---------- RECORDS SUPPLIED ----------
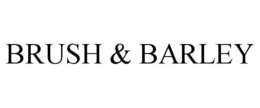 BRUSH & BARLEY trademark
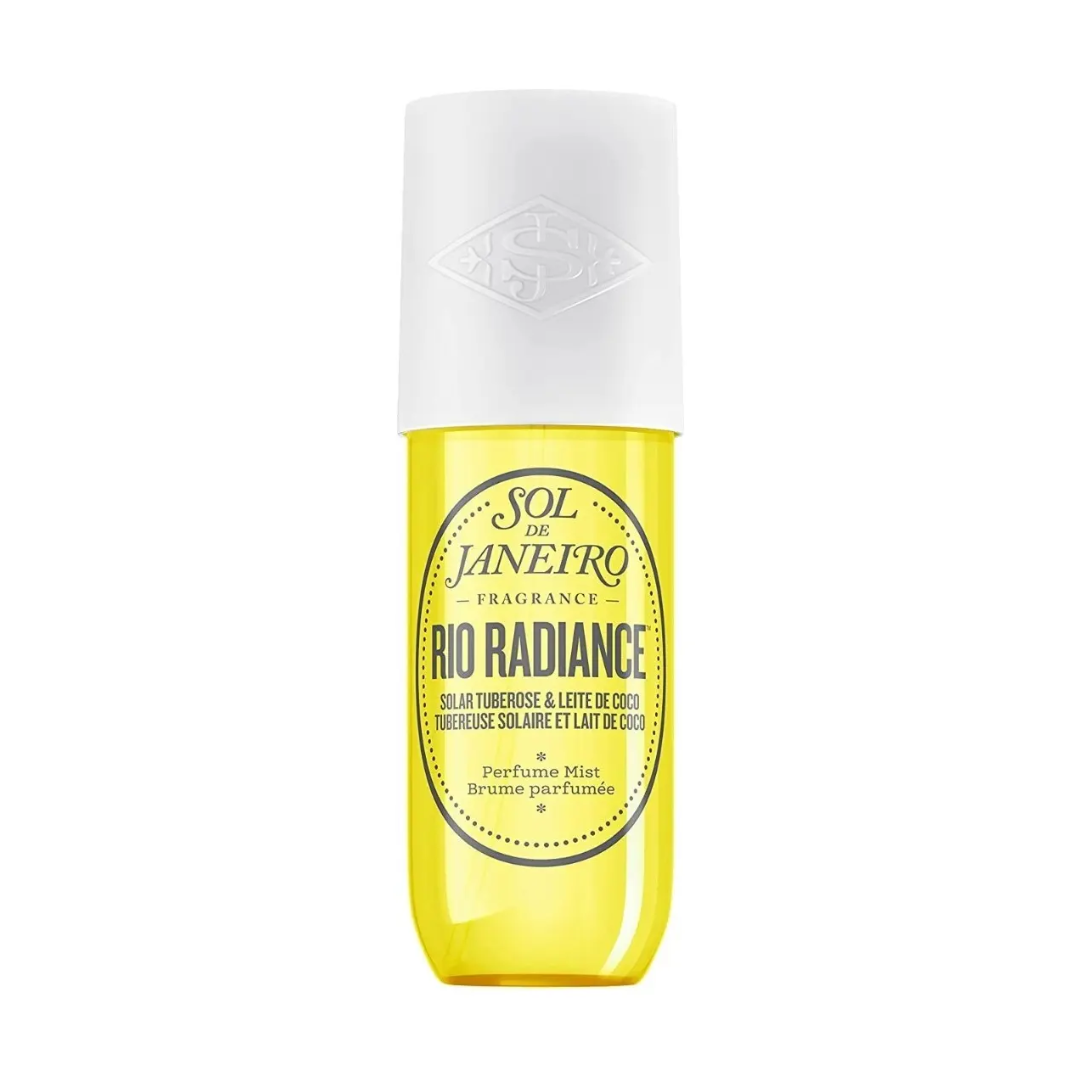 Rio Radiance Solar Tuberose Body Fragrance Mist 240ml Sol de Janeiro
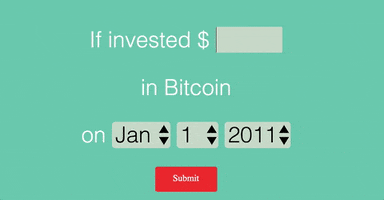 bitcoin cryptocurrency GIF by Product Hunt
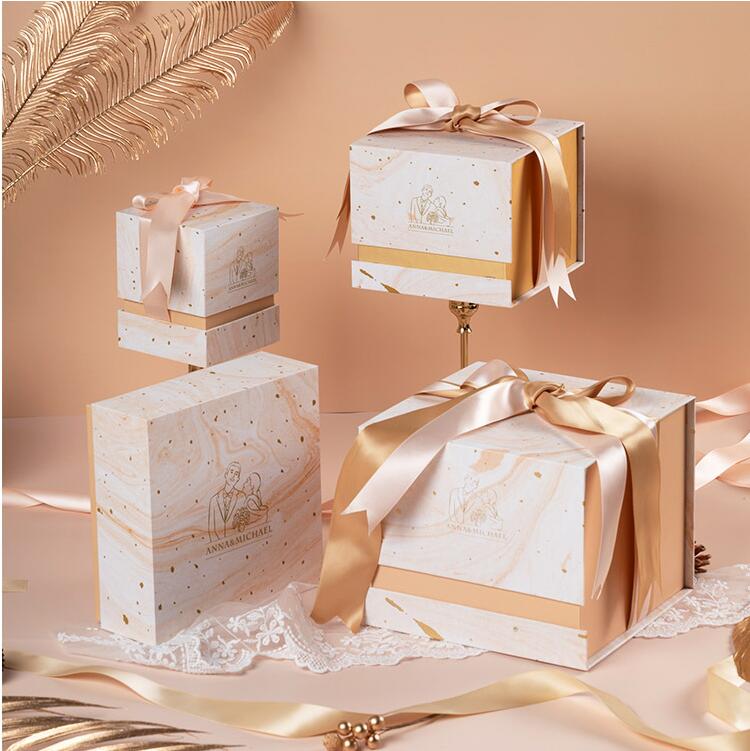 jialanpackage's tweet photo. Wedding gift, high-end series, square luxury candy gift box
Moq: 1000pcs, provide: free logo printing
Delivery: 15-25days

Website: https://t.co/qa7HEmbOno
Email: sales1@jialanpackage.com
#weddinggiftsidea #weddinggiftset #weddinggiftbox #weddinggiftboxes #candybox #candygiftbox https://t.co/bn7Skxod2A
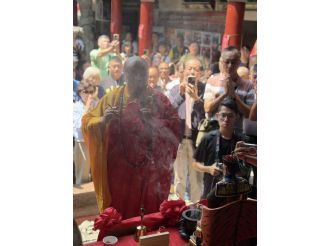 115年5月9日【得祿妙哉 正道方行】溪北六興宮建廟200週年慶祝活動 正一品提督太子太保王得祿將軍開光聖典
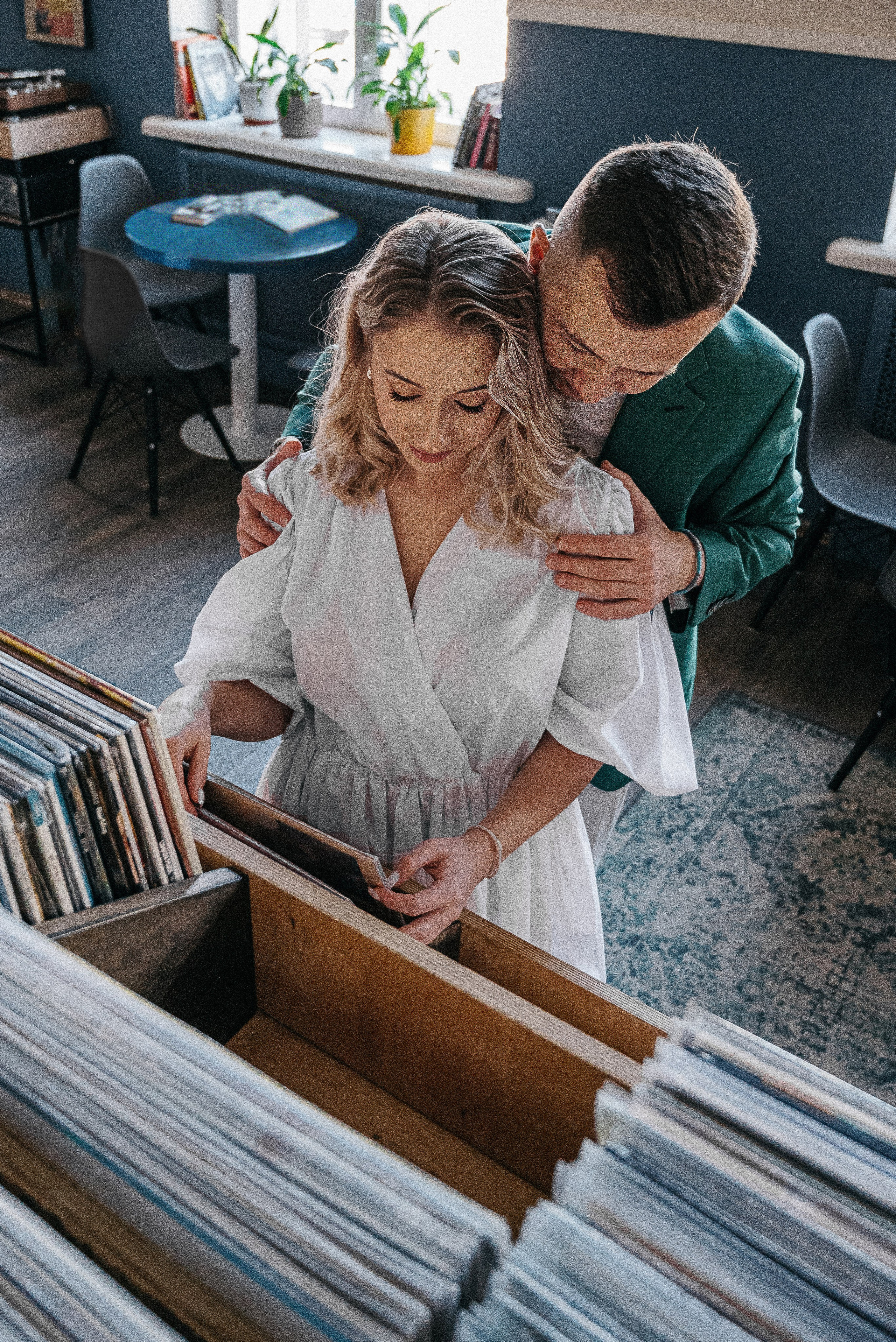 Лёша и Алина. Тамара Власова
----------
---------- RECORDS SUPPLIED ----------
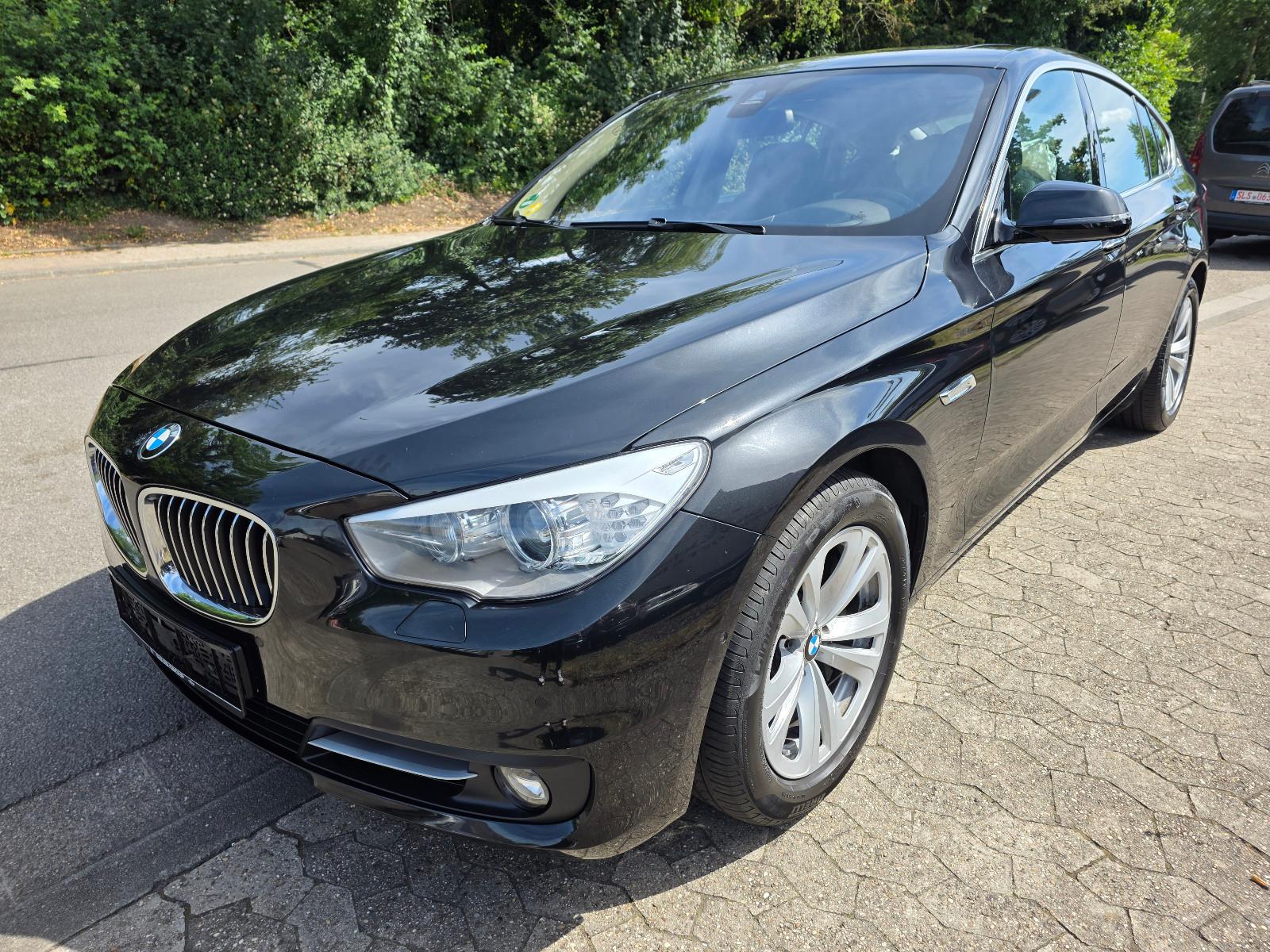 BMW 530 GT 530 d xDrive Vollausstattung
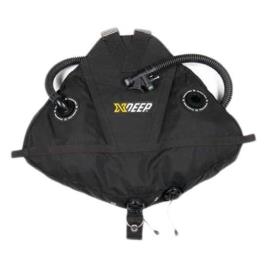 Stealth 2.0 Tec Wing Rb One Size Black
----------
---------- RECORDS SUPPLIED ----------
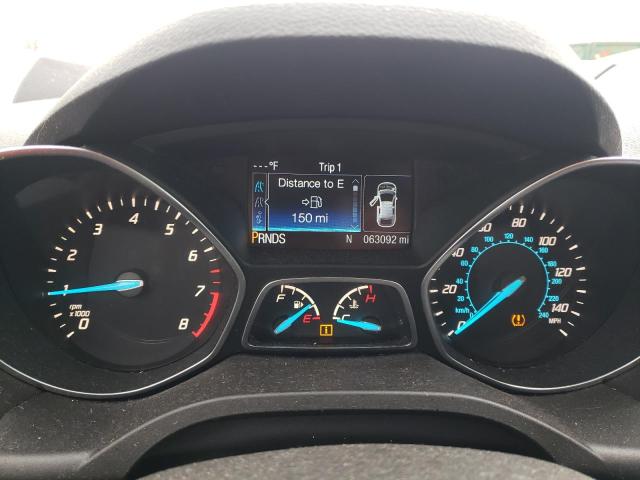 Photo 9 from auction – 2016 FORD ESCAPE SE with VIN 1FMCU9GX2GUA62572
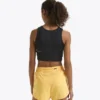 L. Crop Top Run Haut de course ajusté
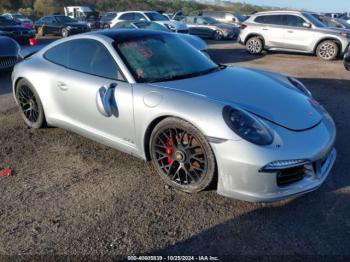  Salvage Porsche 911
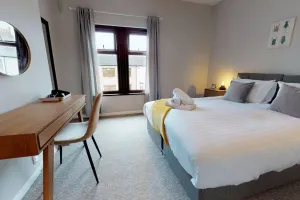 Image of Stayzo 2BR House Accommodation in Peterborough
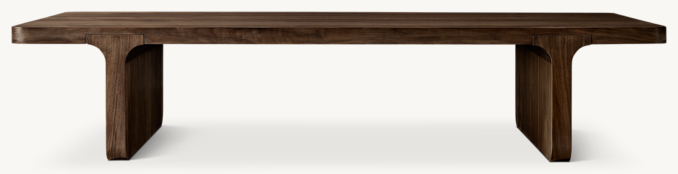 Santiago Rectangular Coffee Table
----------
Exact copy, pictures excluded: every line above from the one containing "Email: sales1@jialanpackage.com" to the one containing "Лёша и Алина. Тамара Власова", inclusive, and nothing more.

Email: sales1@jialanpackage.com
#weddinggiftsidea #weddinggiftset #weddinggiftbox #weddinggiftboxes #candybox #candygiftbox https://t.co/bn7Skxod2A
 115年5月9日【得祿妙哉 正道方行】溪北六興宮建廟200週年慶祝活動 正一品提督太子太保王得祿將軍開光聖典
 Лёша и Алина. Тамара Власова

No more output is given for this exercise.